Jerry ran into Sun Wong Kee and grabbed a single roll of tissue from a shelf before throwing a dollar bill atop the cashier’s counter and running out. By now traffic was at a standstill, the boy rushing through it with a fast-beating heart since he could no longer see the old man. That is until he finally got to the middle of the intersection, The Toilet Paper Man lying on his back, not from being hit by a car but rather still busy at trying to fight away his dragons.

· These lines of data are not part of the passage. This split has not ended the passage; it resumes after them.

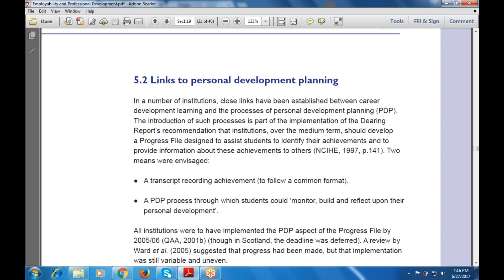Two meanings are investigated here. First is a transcript recording achievements, following a common format. Second is PDP — the process through which students can monitor, build and reflect upon their personal development. That means there should be a monitoring sheet and a process for reflecting upon personal development. All institutions were to have implemented the PDP aspects of the progress file by 2005. A review suggested that progress had been made, but that implementation was still uneven — that may be changed or linked with PDP, the personal development planning.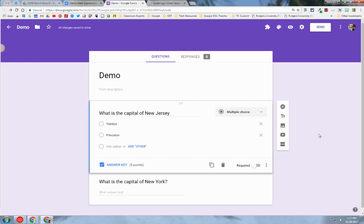Hello, this screencast will show you how to create a Google Form and insert mathematical equations or expressions into the form so that your students can see exactly the equation that you're referring to.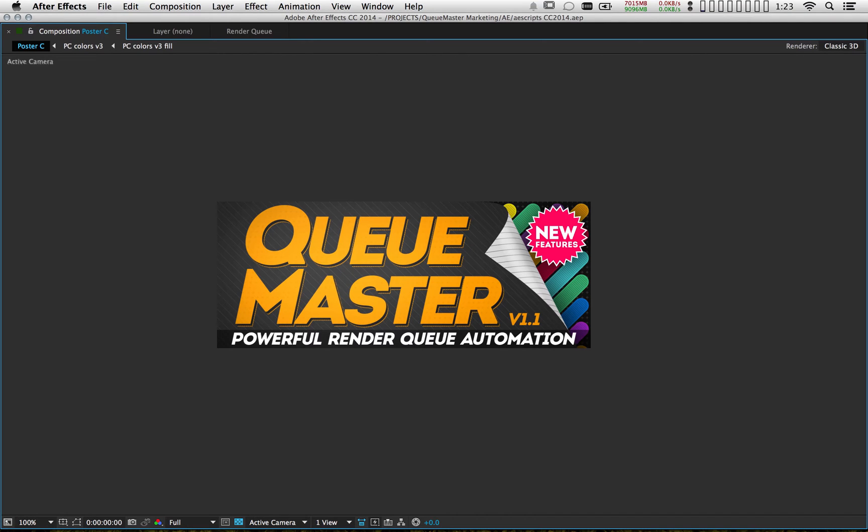Hey, I'm Dave Jacobson. In this video I'm going to be covering all the new features I've added to Qmaster 1.1. This will be a free update for anybody who currently owns version 1.0. Let's jump in.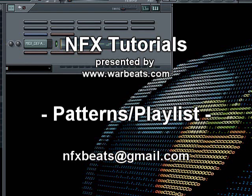What's up everybody, NFX here with another tutorial. In this tutorial I'm going to talk about patterns and the playlist really briefly.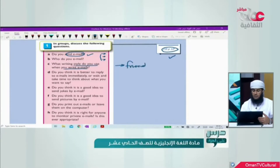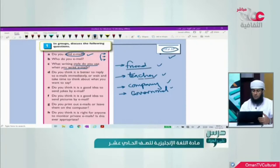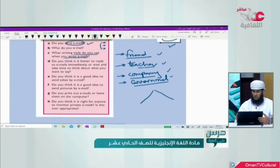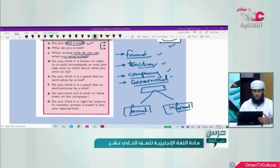What writing style do you use? Writing an email to a friend is something different from writing to a teacher or a company or the government. Each has its own style, so you need to be careful how to write an email depending on the recipient. We are going to divide emails into two parts: formal emails and informal emails. We will explain the characteristics of each later on.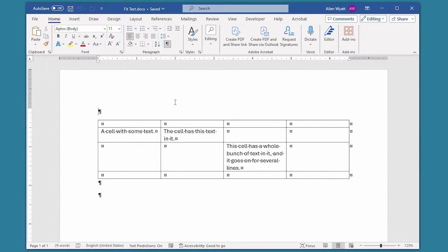You may be able to identify with the situation I ran across the other day. I worked long and hard on designing my document, and the design included a couple of tables that I finally got just right. Then I discovered I needed to add a bit more text into one of the tables. The result was that the text in the cell wrapped and pushed everything else down just a bit. Now my whole design was thrown off.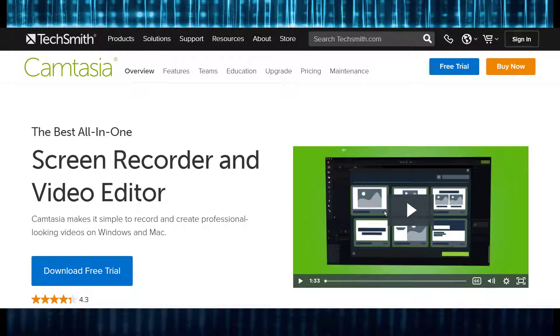Many of you may not be aware that I use a program called Camtasia, made by a software company called TechSmith.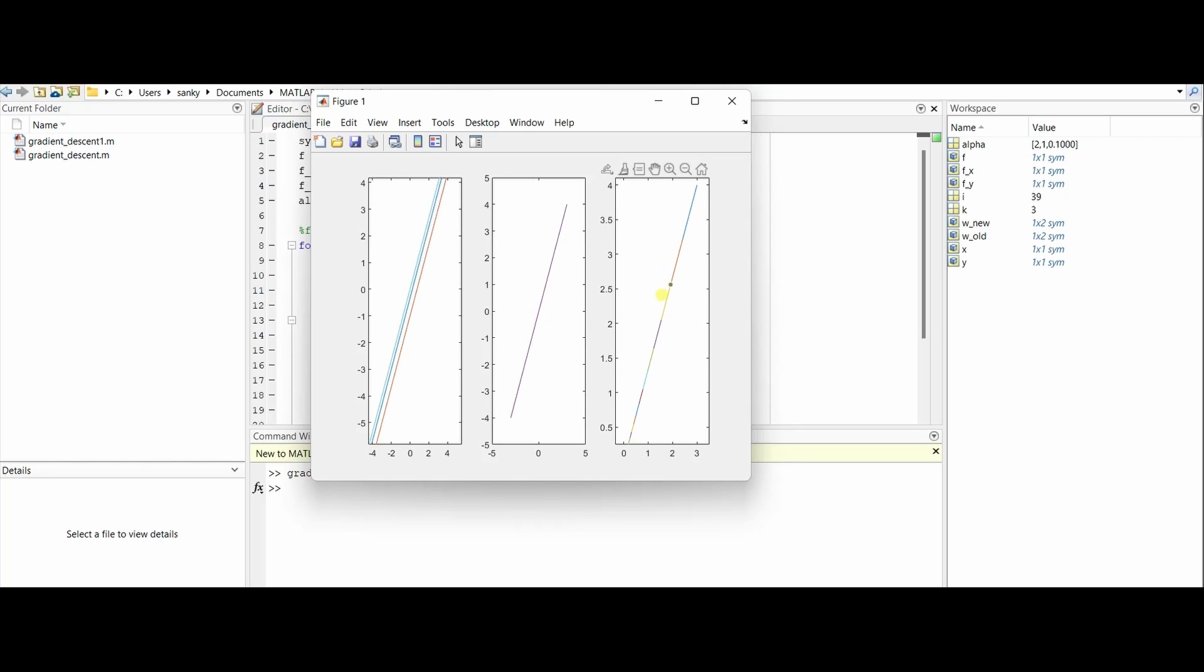It gradually goes from (3, 4), the starting point, and moves every step to 0.0029, 0.0039, which is very close to zero. So this is how it works, and choosing the value of alpha is imperative.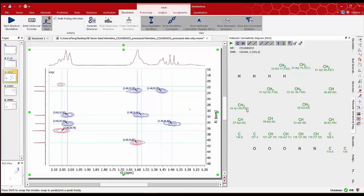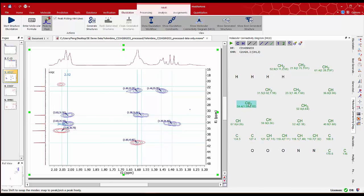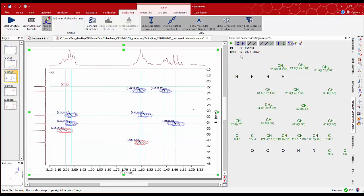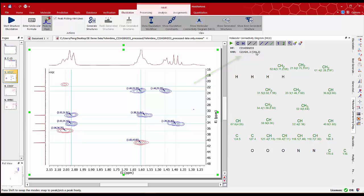Once correlations are picked we can see how the MCD diagram says that we have 21 carbon atoms and 24 protons. It is also indicating that MNOVA is not sure if 2 atom groups or 2 HSQC peaks are CHs or CH3.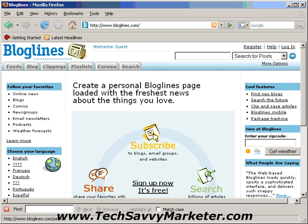Hi and welcome to this video tutorial. Today I'm going to show you how you can use a free service called Bloglines to keep track of your favorite blogs.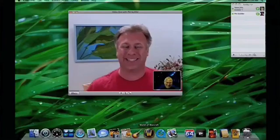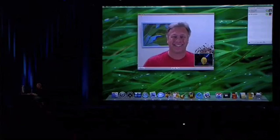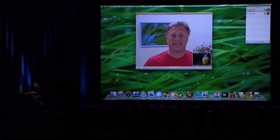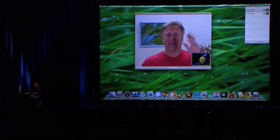I like my Mac. I can have a lot of fun with this. Thank you, Phil. You're welcome. See you. Bye, everyone. Thank you.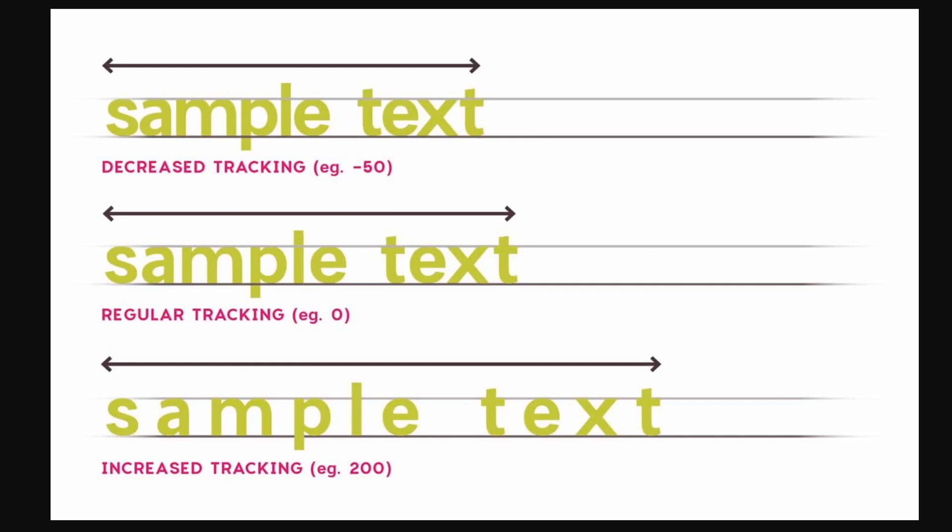The middle one has regular tracking. The biggest difference is when it's increased tracking. At 200 points, you can see the large spaces between each letter. It's not just one letter closer to another—it's distributed across the whole word.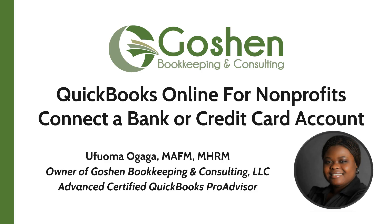Welcome to QuickBooks Online for non-profits. My name is Ufuma Ogaga. I am the owner of Goshen Bookkeeping and Consulting. I am a financial controller and a QuickBooks Pro advisor, helping non-profits to increase profitability one mission at a time.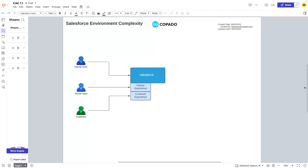Now adding digital experiences, incrementing this to include partner users using a partner experience and customer users using a customer experience. The levels of complexity are now rising. You have two digital experiences which may have their own look and feel and URLs. You might have some custom page work for each, and now you have additional profiles and permission sets for the partner users and the customers.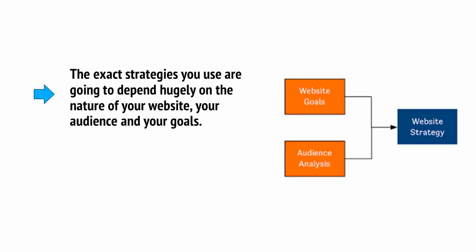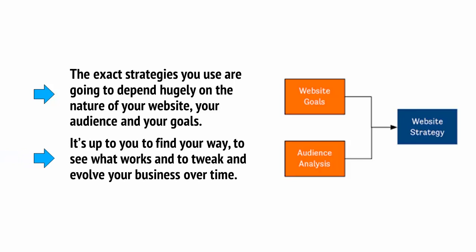The exact strategies you use are going to depend hugely on the nature of your website, your audience and your goals. It's up to you to find your way, to see what works, and to tweak and evolve your business over time.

Jerry quickly ripped the paper off the single roll tissue and two squares at a time began to tear them away, twist them up and shove them into the ears and nostrils of the old man. “It’s okay, you’re okay…” He was now on the ground beside him, holding that small face of big beard and tissue in his lap, a sight he could never have imagined just a week ago. Soon The Toilet Paper Man began to calm down, his delusion dissipating into reality and in so doing looking up at the one who had come to his aid. That look in his eyes, of being saved, of being rescued from a darkness most could never even imagine, was a look Jerry would never forget.
Now surrounded by police, a fire truck and an ambulance Jerry helped The Toilet Paper Man stand to his feet, a paramedic already there to assist him onto a gurney. Once the old man had been strapped in the boy placed the roll of tissue into his hands, his young mind’s eye capturing forever that look of gratitude before him. A look that would drive him to one day become a psychiatrist and help those with similar needs.